Recognized last year by the scientific magazine Nature as one of the ten personalities most influent in science (the only Brazilian to be part of such list), Celina received the Faz Diferença award of the Rio de Janeiro newspaper O Globo in March, in the Personality of the Year category, together with the physician Adriana Melo, from Paraíba. Celina also received the Heroínas do Tejucupapo Medal of Honor in March, granted by theOrder of Attorneys of Brazil (OAB) – Pernambuco Section, among other awards.

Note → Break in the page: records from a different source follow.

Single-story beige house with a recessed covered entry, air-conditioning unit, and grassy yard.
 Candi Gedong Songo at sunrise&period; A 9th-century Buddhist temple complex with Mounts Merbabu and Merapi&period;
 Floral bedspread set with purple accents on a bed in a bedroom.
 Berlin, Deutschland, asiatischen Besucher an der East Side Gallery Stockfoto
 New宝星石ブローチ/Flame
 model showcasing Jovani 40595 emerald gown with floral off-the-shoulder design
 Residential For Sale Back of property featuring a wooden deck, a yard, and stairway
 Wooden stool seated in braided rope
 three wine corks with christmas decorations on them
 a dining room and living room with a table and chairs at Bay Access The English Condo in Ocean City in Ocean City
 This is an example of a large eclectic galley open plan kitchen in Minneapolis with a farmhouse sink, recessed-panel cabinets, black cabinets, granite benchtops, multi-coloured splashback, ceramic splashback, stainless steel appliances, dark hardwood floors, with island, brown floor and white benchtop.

The director of Instituto Aggeu Magalhães (Aggeu Magalhães Institute) (IAM/Fiocruz Pernambuco), Sinval Brandão Filho, is satisfied with one more recognition of the work led by Celina, supported by the director board of Instituto Aggeu Magalhães, by articulating the research groups of the institute with colleagues from other institutions, such as Federal University of Pernambuco (UFPE) and Pernambuco State University (UPE), Imip, and the hospitals that took part in the cohorts. “When the zika epidemics arose, we were summoned by the Ministry of Health and the State Secretariat of Health to really pull together to answer to the understanding about such new public health problem”, he explained. “And the recognition provided by Nature in the end of the last year and now by Time magazine reaffirms the whole effort and the success in the work performed to prove the association between zika virus and microcephaly cases.”